* _Exercise instructions_: Exclude every picture. Output verbatim the lines from the one containing "95749940-fdc7-4f1a-9649-9a55e8a93850" to the end of the data.

* _Records from a collection_:
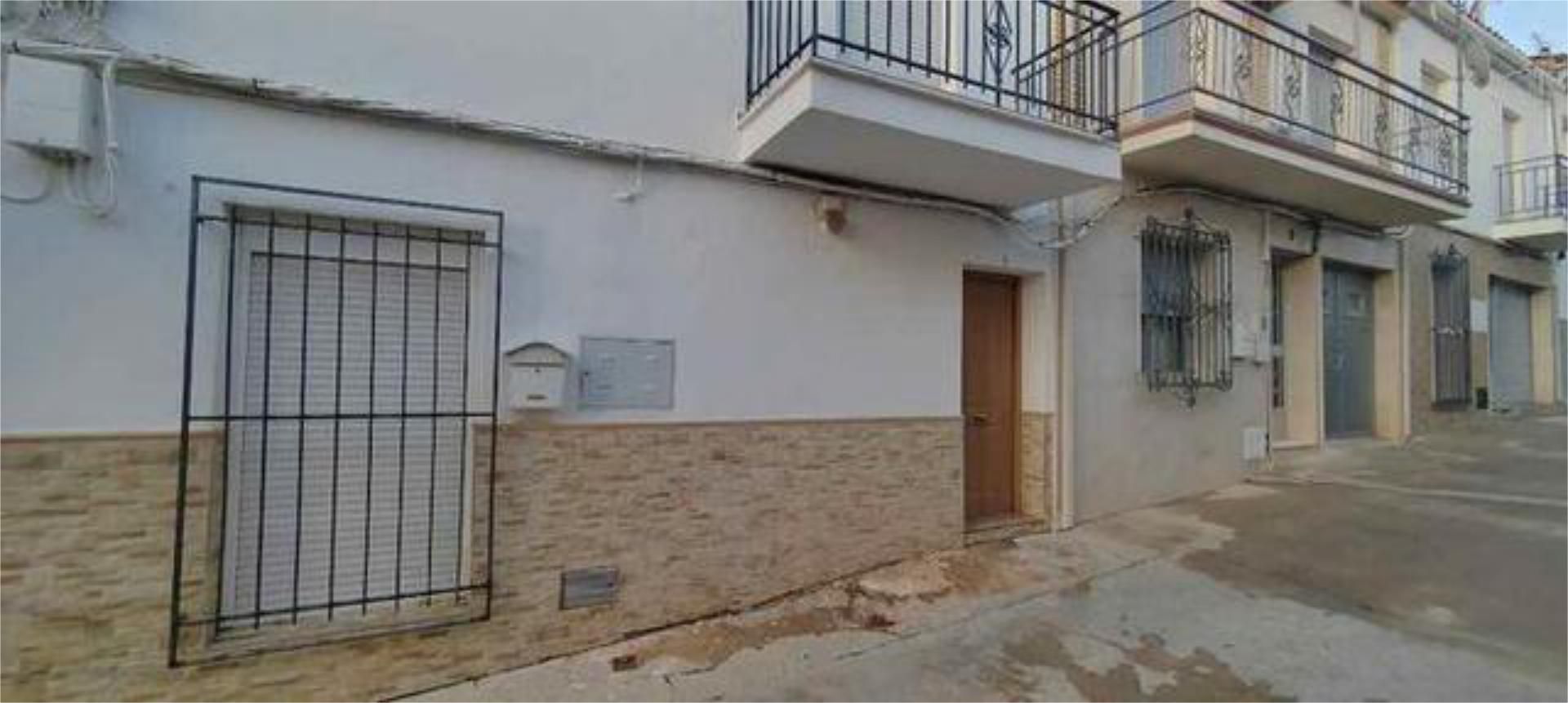 Vista exterior de Casa o xalet en venda en Castillo de Locubín amb Terrassa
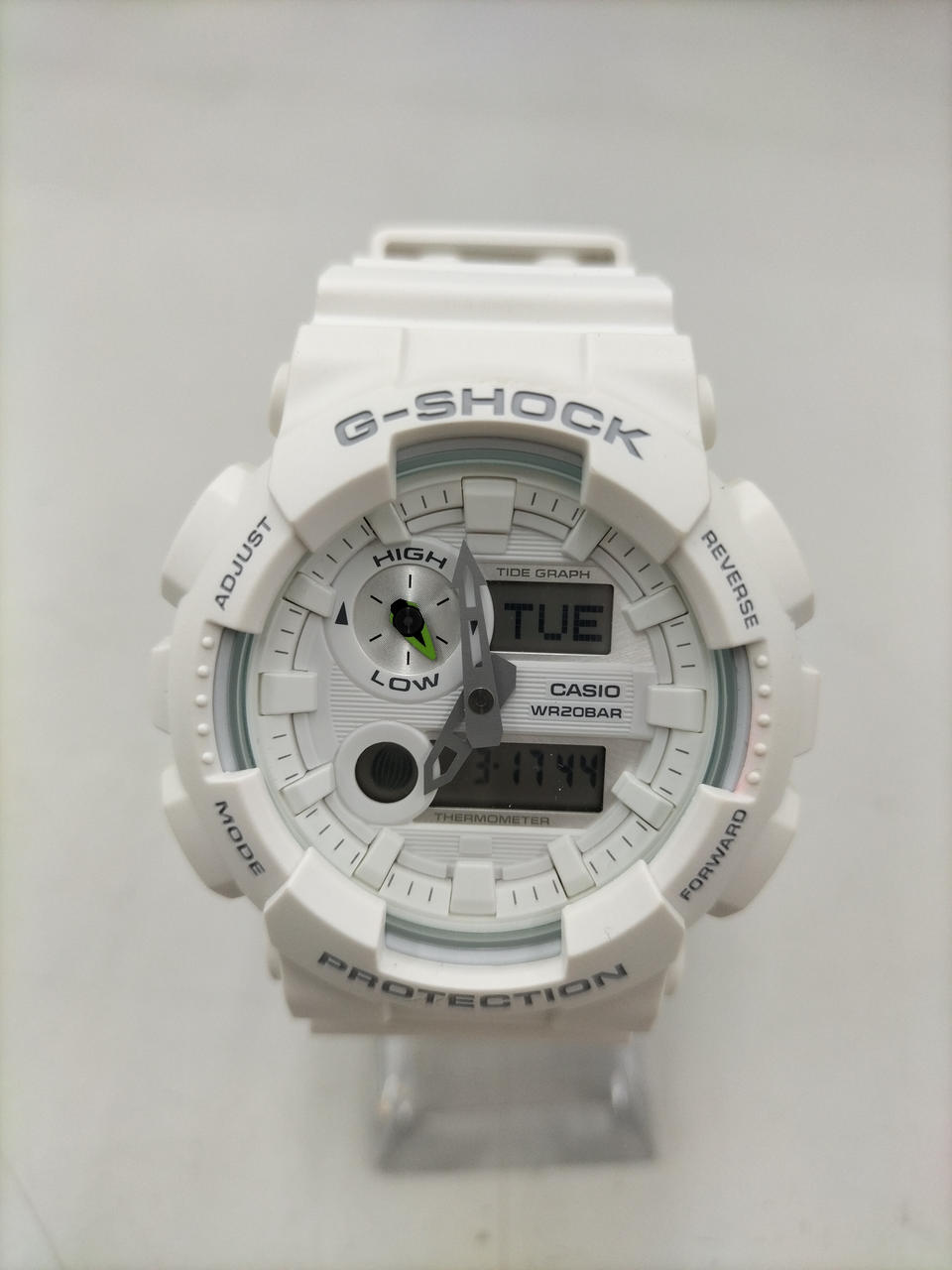 本体裏側少々変色あり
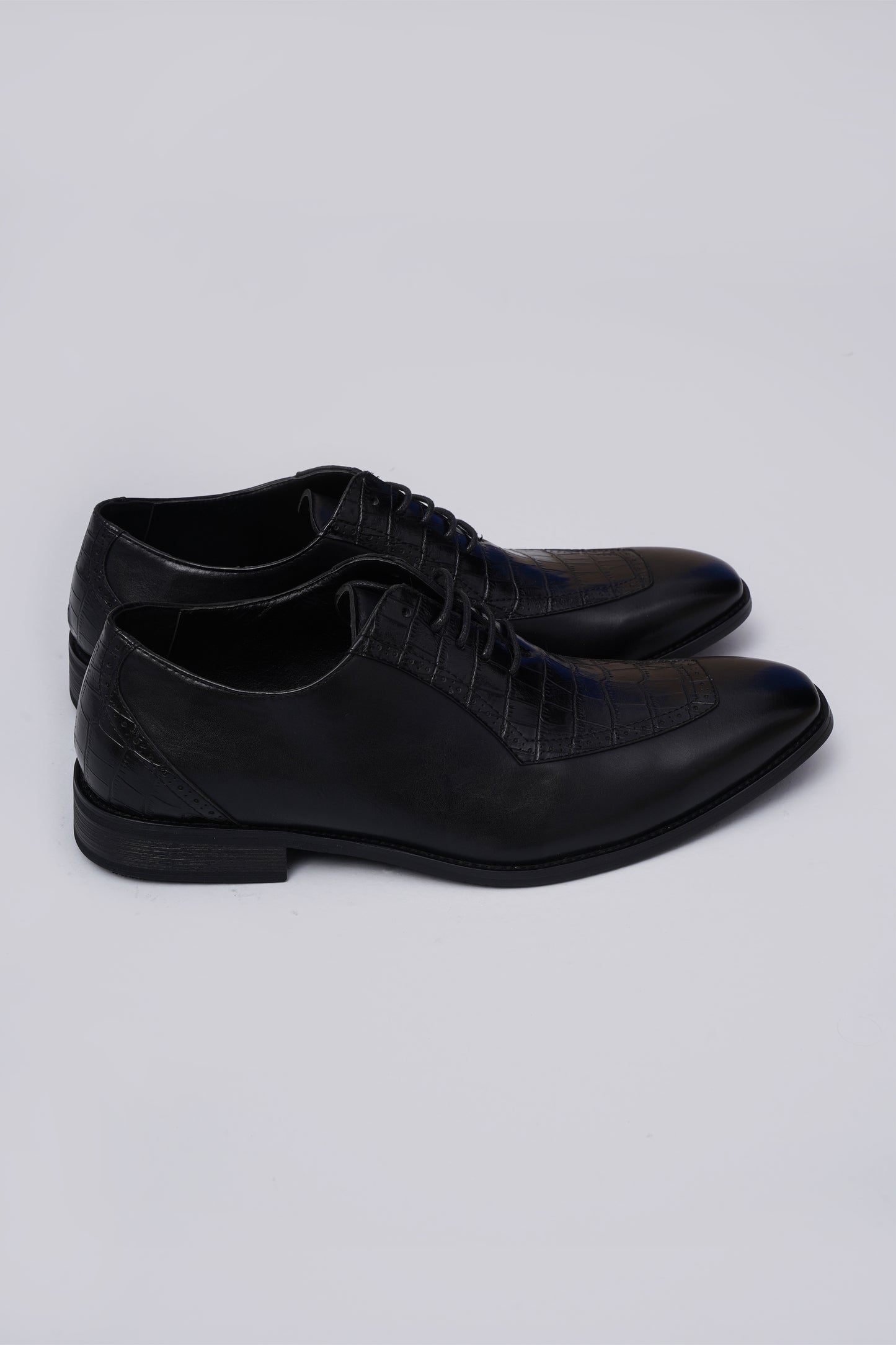 BLACK TEXURED LACE UP SHOES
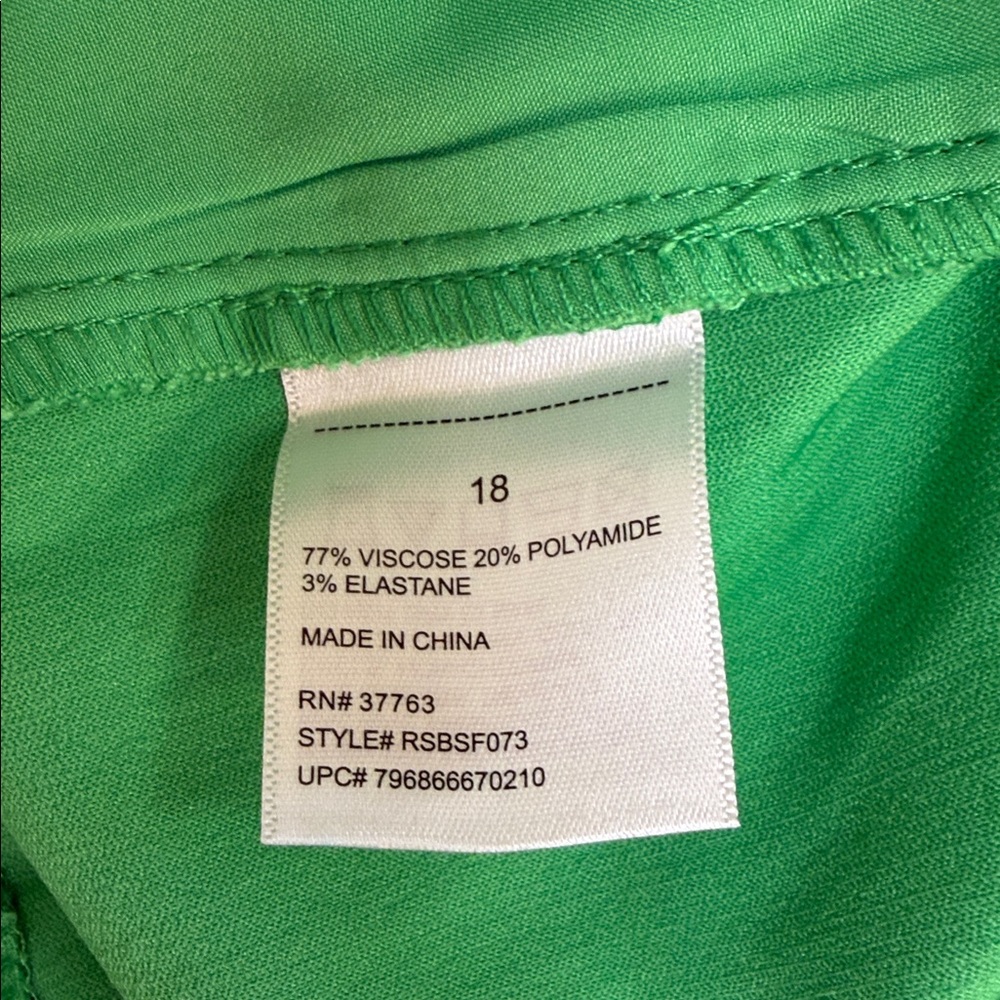 NWT Size 18, Rafaella Elastic Waist Capri Pants in “Kelly Green” - Picture 7 of 8
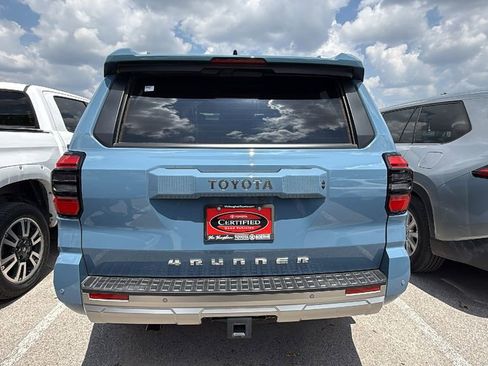 Used 2025 Toyota 4Runner Limited AWD/4WD image 6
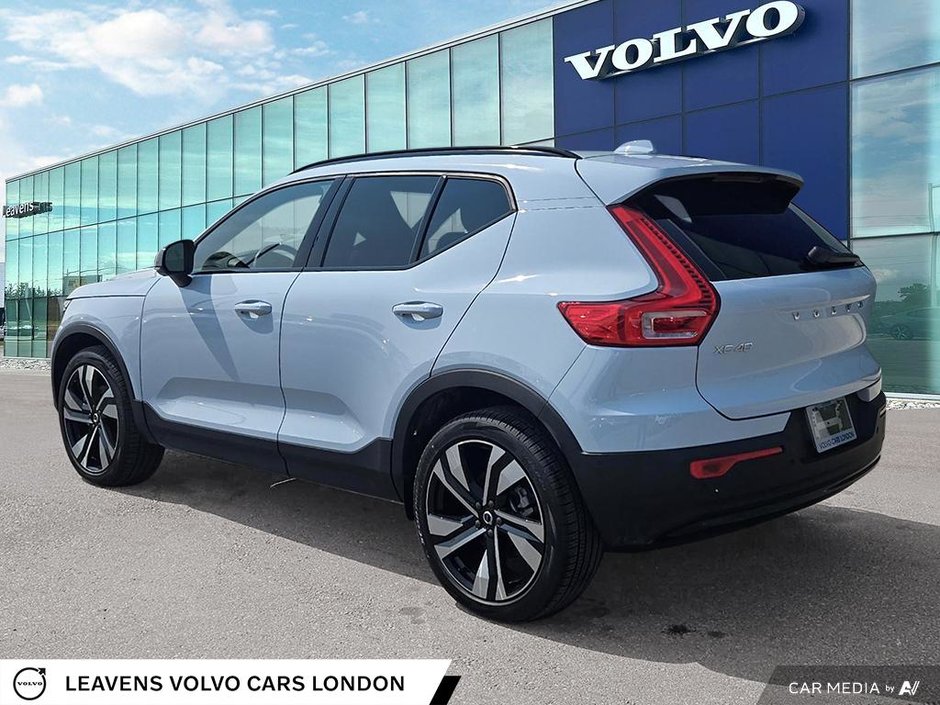 2025 Volvo XC40 PLUS DARK THEME-3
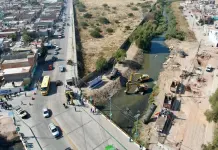 Arrancan entubamiento de canal de aguas negras en Los Silos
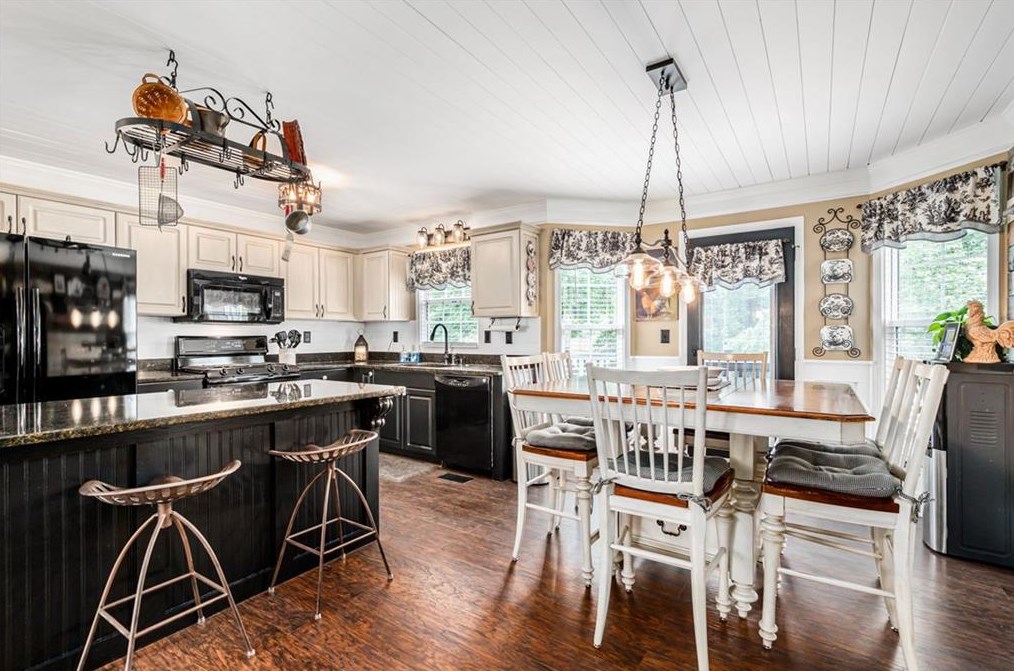 36 Amy Ln, Dallas GA  30157-7221 exterior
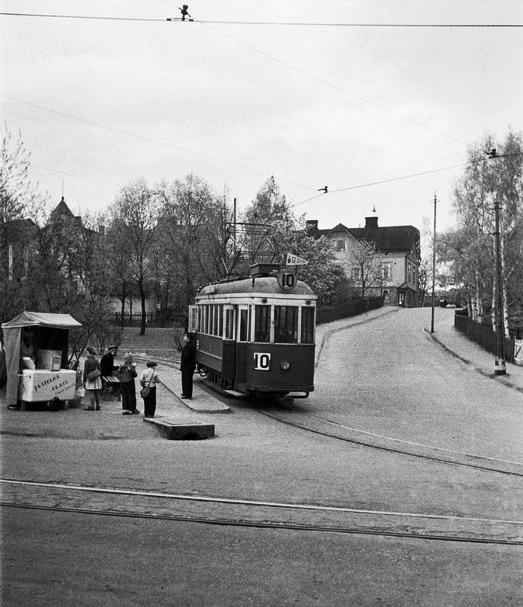 pasilank_kyllikink_1950_l10_e_heinonen_hkm (103K)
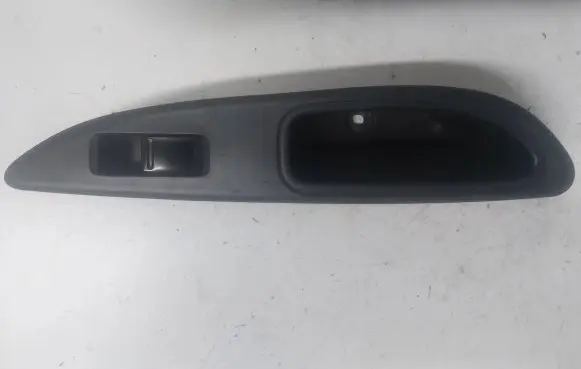 Nissan Primera Other switches/knobs/shifts 25401AV640 1123N1 C8DD702N
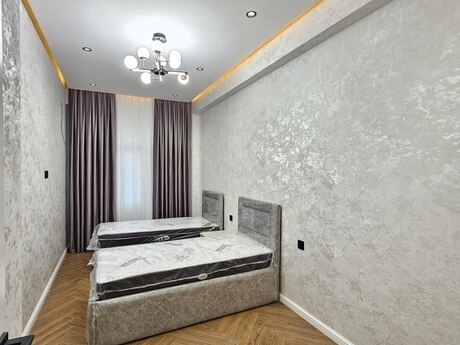 Продаётся 3-комнатная квартира в новостройке, İnşaatçılar, 82 м², 295 000 AZN, фото 5 / 8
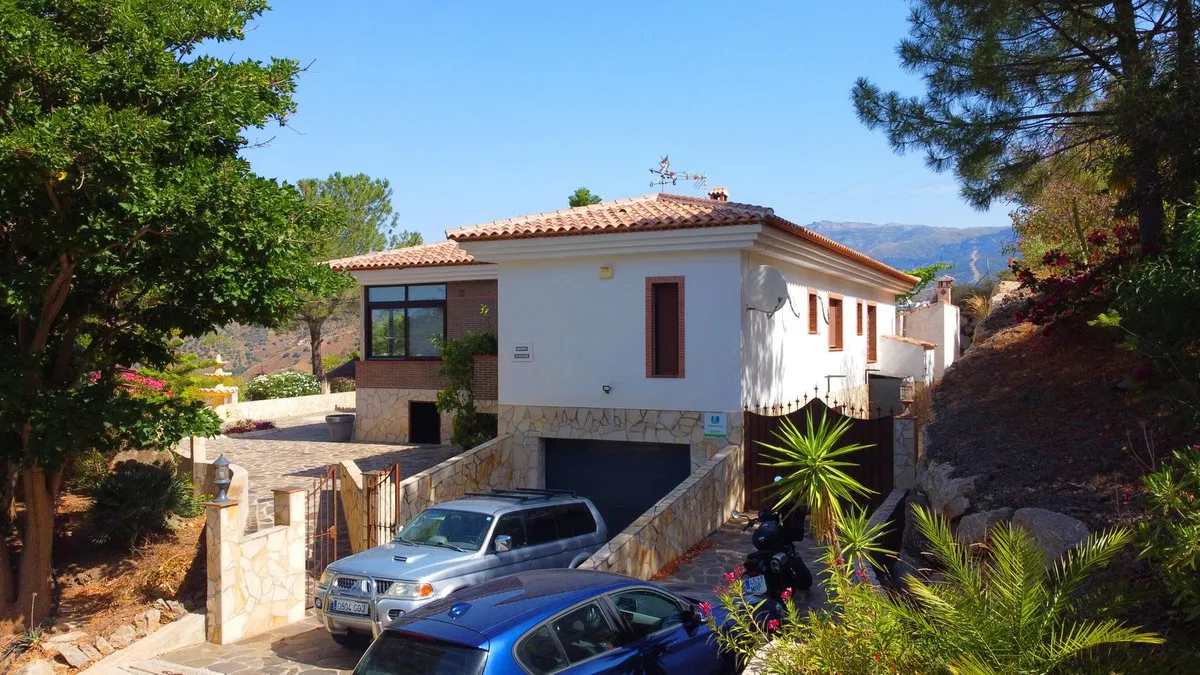 95749940-fdc7-4f1a-9649-9a55e8a93850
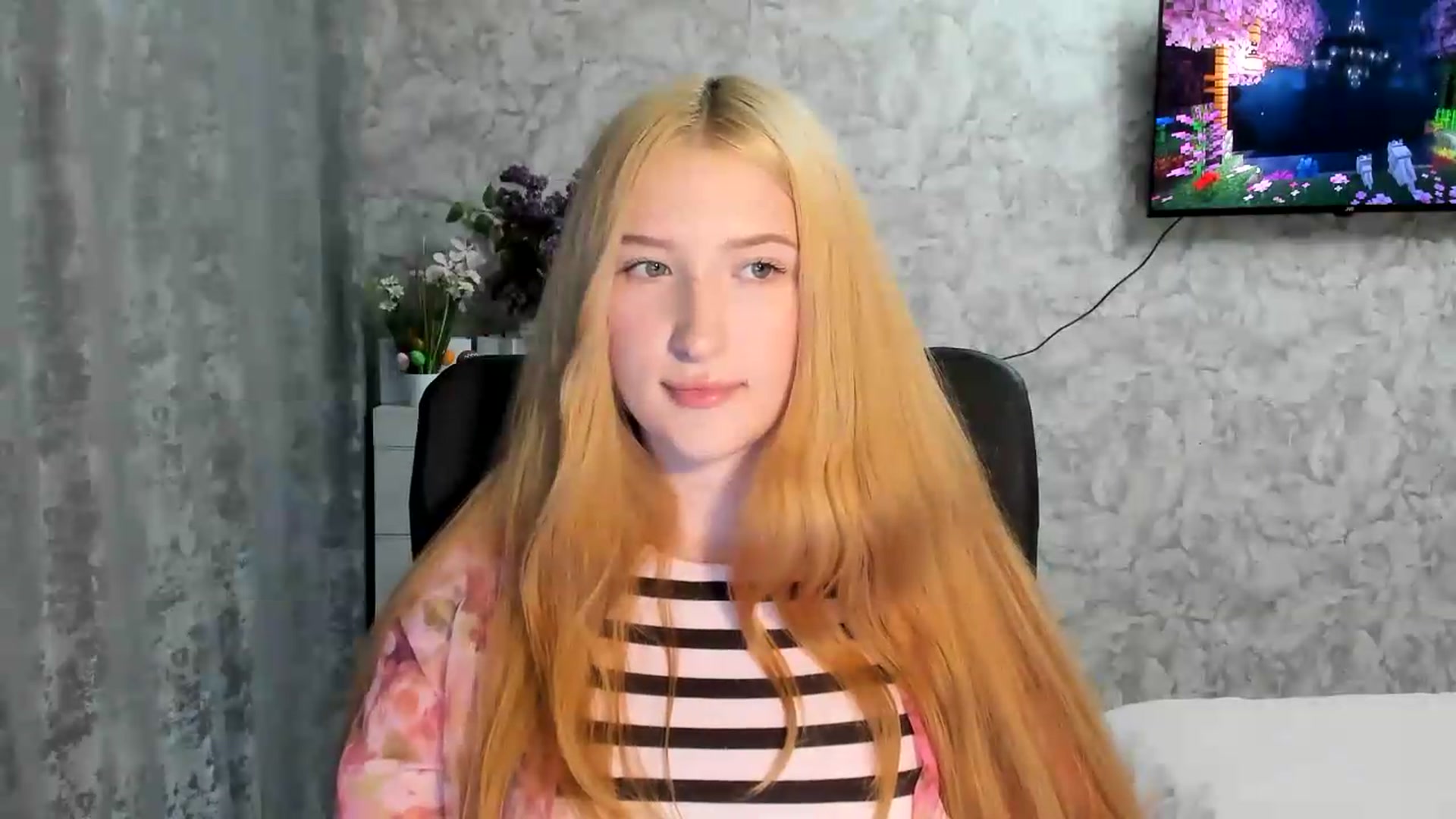 Gallery image thumbnail from Ilona_Here's myfreecams stream on, 05/04/2026, 18:20 image 9 of 20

* _Solution for this task_:
 95749940-fdc7-4f1a-9649-9a55e8a93850
 Gallery image thumbnail from Ilona_Here's myfreecams stream on, 05/04/2026, 18:20 image 9 of 20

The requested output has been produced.